The Spruce kept advertisers and audiences coming back in its first year

When Dotdash rebranded its home and food content as The Spruce almost a year ago, it took a risk: cutting ad loads by 30 percent. But thanks to The Spruce’s audience tripling over the past year to 30 million unique visitors in January, according to comScore, revenue grew 40 percent year over year in the fourth quarter. Direct-sold advertising is on pace to increase in the first quarter compared to last year’s fourth quarter. The company wouldn’t share specific dollar figures.

“There was a lot of doubt we could make hay in this space because it’s so crowded,” Dotdash CEO Neil Vogel said. “But the winds of what marketers and advertisers want change all the time.
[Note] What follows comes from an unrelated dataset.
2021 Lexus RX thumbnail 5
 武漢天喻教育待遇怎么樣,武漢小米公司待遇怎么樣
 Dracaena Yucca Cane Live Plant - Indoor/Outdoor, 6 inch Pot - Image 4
And the winds have blown in our direction.”

The site has compiled performance data on each of the advertising units spread across all of The Spruce’s page templates. That benchmark data about viewability, click-through rate, hover time and other engagement metrics is delivered to advertisers — excluding advertisers that purchase Spruce inventory on open exchanges — alongside the performance of their own ads.

Eric Handelsman, The Spruce’s gm, said The Spruce’s editorial staff puts considerable effort into keeping its content current. There are 54,000 articles in the site’s archive, and on average, each piece was updated less than one year ago. More popular content is reviewed once a quarter.

Because so much of the content is intent-driven — over 90 percent of its desktop traffic comes from search, according to SimilarWeb — The Spruce has spent a lot of time mapping its visitors’ interests and using that information to package articles together. The Spruce recently created a product it calls “journeys,” which group related articles together to encourage people to read more. Someone reading an article on how to make a martini, for example, will get a recommendation for “The Ultimate Cocktails Guide,” which includes a list of popular cocktails and a guide to buying cocktail blenders.

“We’re obviously concerned with engagement, but engagement is not the metric we look at as success or failure,” Vogel said. “We’re interested in them coming back.”

Revenue from e-commerce is also heading up, but most of The Spruce’s growth in 2017 came from selling display and branded content against 32 audience segments the publisher developed over the past 11 months. Without sharing specific dollar figures, Vogel said The Spruce’s advertising revenues were split about evenly between programmatic and direct sold, with its private marketplace revenues representing the fastest-growing segment.